A blog focused on nature, science, environmental topics, and happenings at the Pocono Environmental Education Center (PEEC).

Naif in the Forest by Darrell Berger

Wing Tips to Hiking Boots: Musings of a New, Full-Time Poconos Resident 

A platoon of cleomes is making its way from our shady garden fence to the light. It has taken years. The vanguard has advanced to the gravel driveway, where they thrive due to my weeding laxity. 

Cleomes are also called spider flowers because tendrils jut from their white, pink and purple flower balls. They are also called bee plants, as they are excellent pollinators. There is significant buzzing all along the sidewalk. 

These cleomes are descended from a very few we planted at the fence. They produce a very large number of seeds. They grow best in full sunlight. Thus they have gradually volunteered down the hill and along the sidewalk to a driveway that has the least shade of any space in our part of the forest. 
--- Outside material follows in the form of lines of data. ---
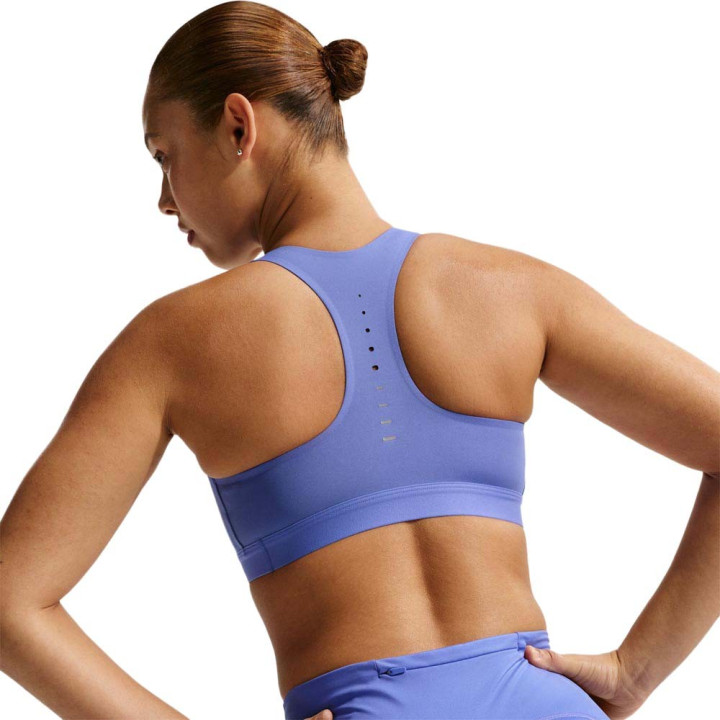 Nike Swift Reggiseno Sportivo Swift Viola Donna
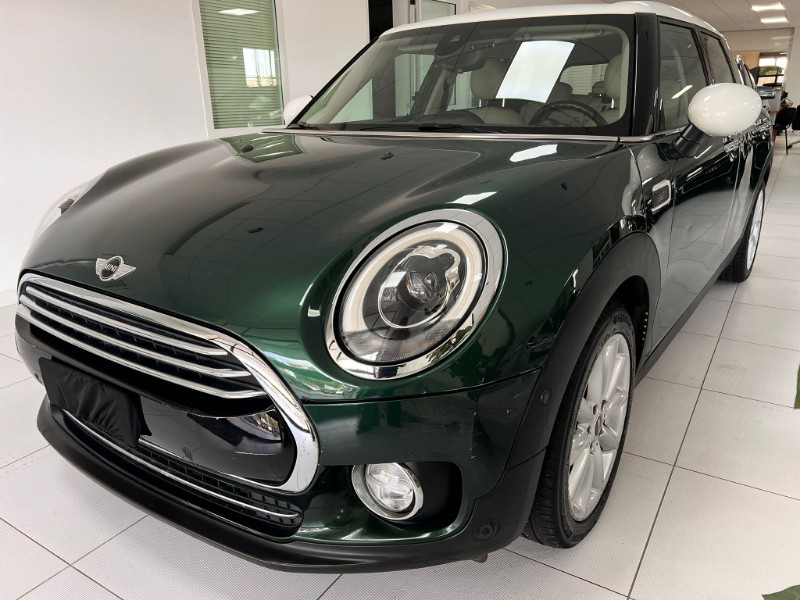 Foto MINI Mini Clubman  (F54)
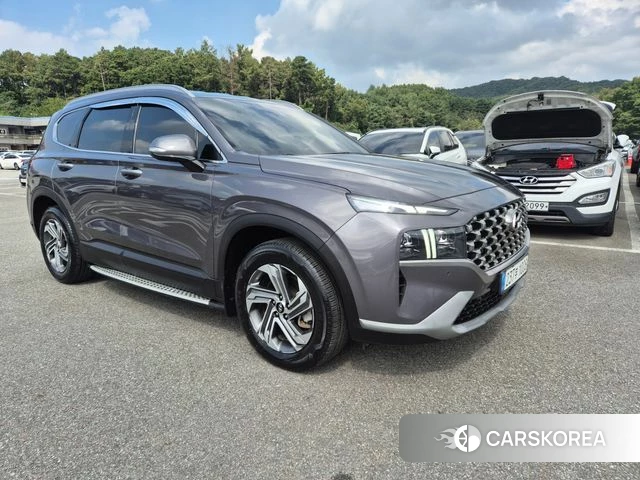 Hyundai The New Santa Fe id 4935415 из Кореи 11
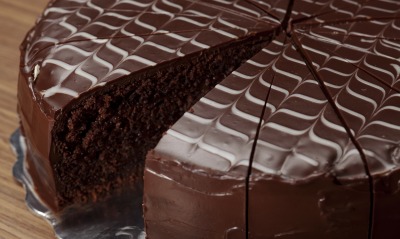 еда шоколад торт десерт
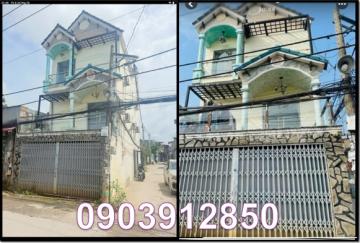 ⭐️Chính chủ bán biệt thự 1 trệt 2 lầu, 80m2, 4pn, căn góc Vĩnh Lộc (Bình Chánh), TP.HCM, 0903912850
They are deer and rabbit repellent, emitting a scent that is sometimes called minty and sometimes skunky. If they are bent from foot or storm, they will likely bounce back to their height, which can be as much as five feet. They came to this continent from South American and the West Indies in the nineteenth century and were very popular for decades until cities and suburbs required smaller flowers for smaller gardens. More recently they have regained popularity. 
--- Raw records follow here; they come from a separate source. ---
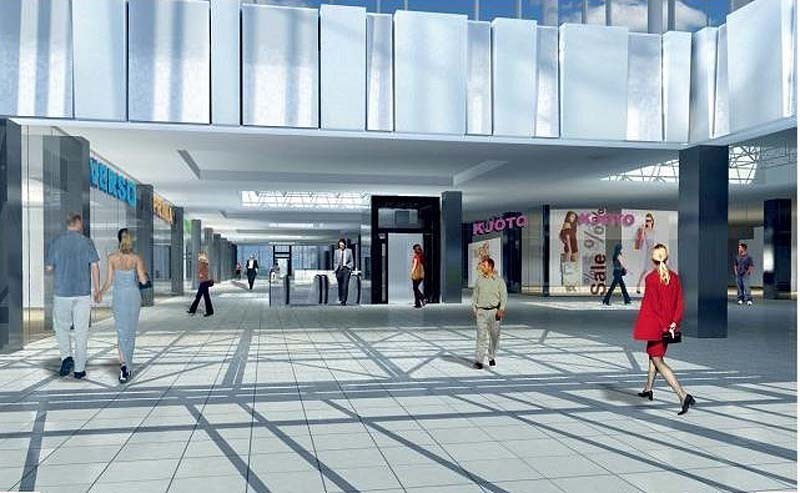 W Kaliszu powstanie kolejne centrum handlowe. Firma Antan zbuduje Galerię Calisia. ZDJĘCIA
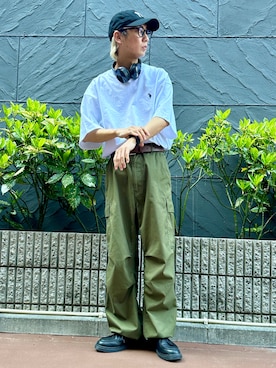 渡辺康二さんのコーディネート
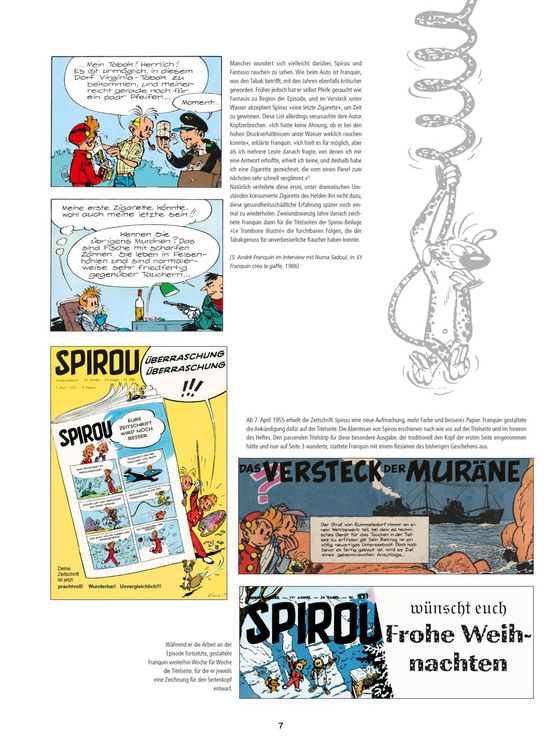 Produktbild: Spirou und Fantasio Gesamtausgabe Neuedition 4
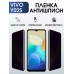 Гидрогелевая пленка на VIVO Y02S антишпион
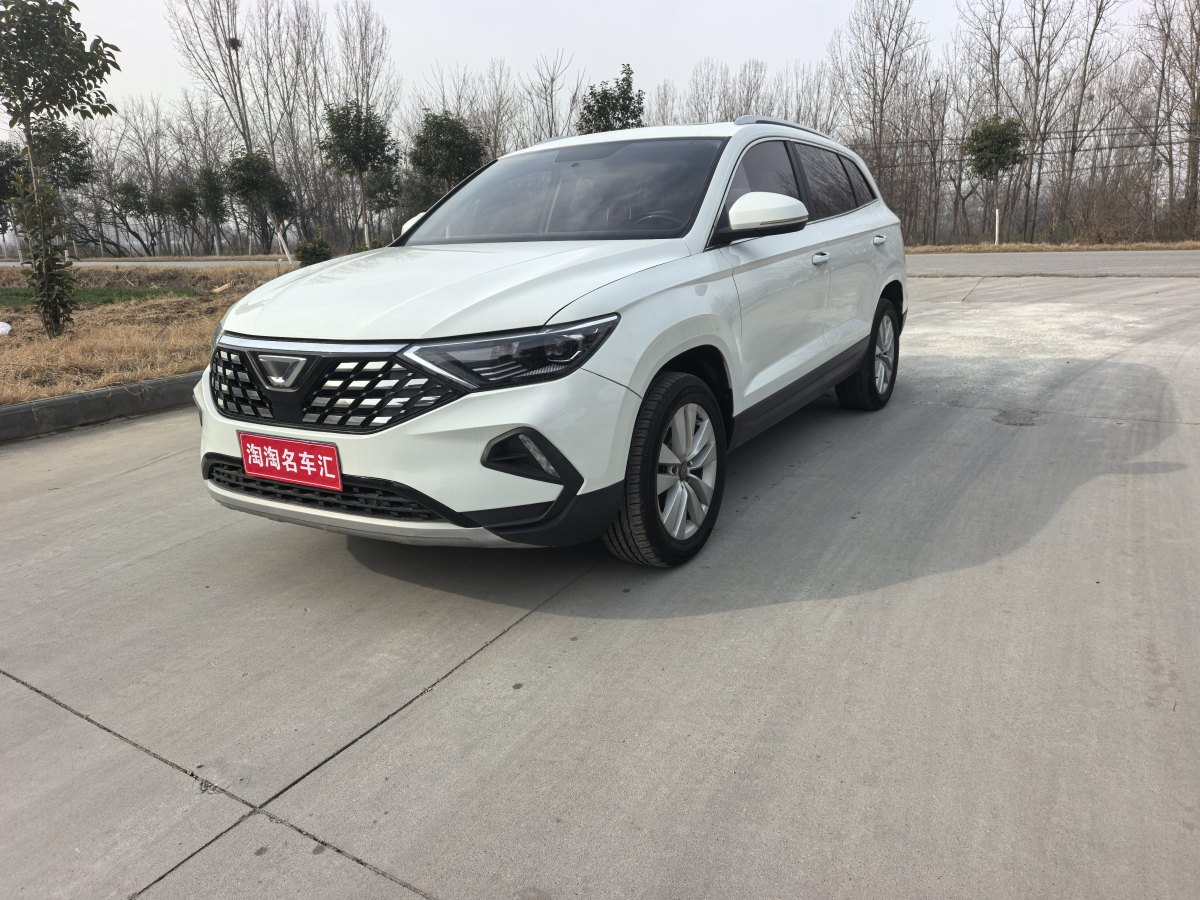 Jetta VS7 2020 Jetta VS7 2020 汽车图片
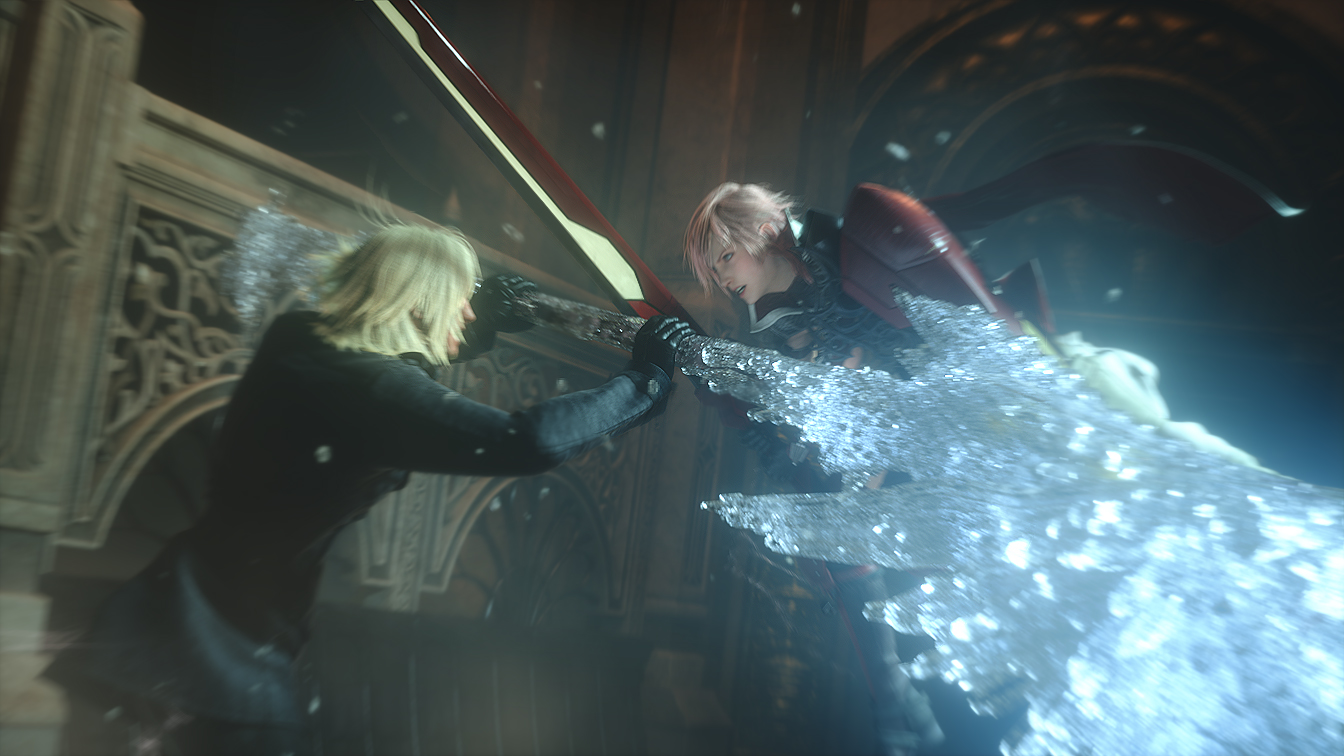 LIGHTNING RETURNS™: FINAL FANTASY® XIII screenshot 6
The cleome doesn’t need much help, just plenty of sun. It can thrive in a drought. It can overwhelm a garden if it isn’t controlled, requiring more care with restricting growth than encouraging. Eighteen inches is the ideal space between plants to keep their volunteering from becoming an invasion.  If their spread is controlled, cleomes can be helpful additions to vegetable gardens, repelling pests and attracting pollinators. 

 The cleome inspires one to impute a deeper meaning in its journey toward the light. One should take caution from the last words of Goethe, which were “More light!” While there is a temptation to interpret his words as the desire to take one final leap into metaphysical speculation, scholars are divided. Some affirm the leap. Others conclude that he was simply asking his daughter to raise the blinds.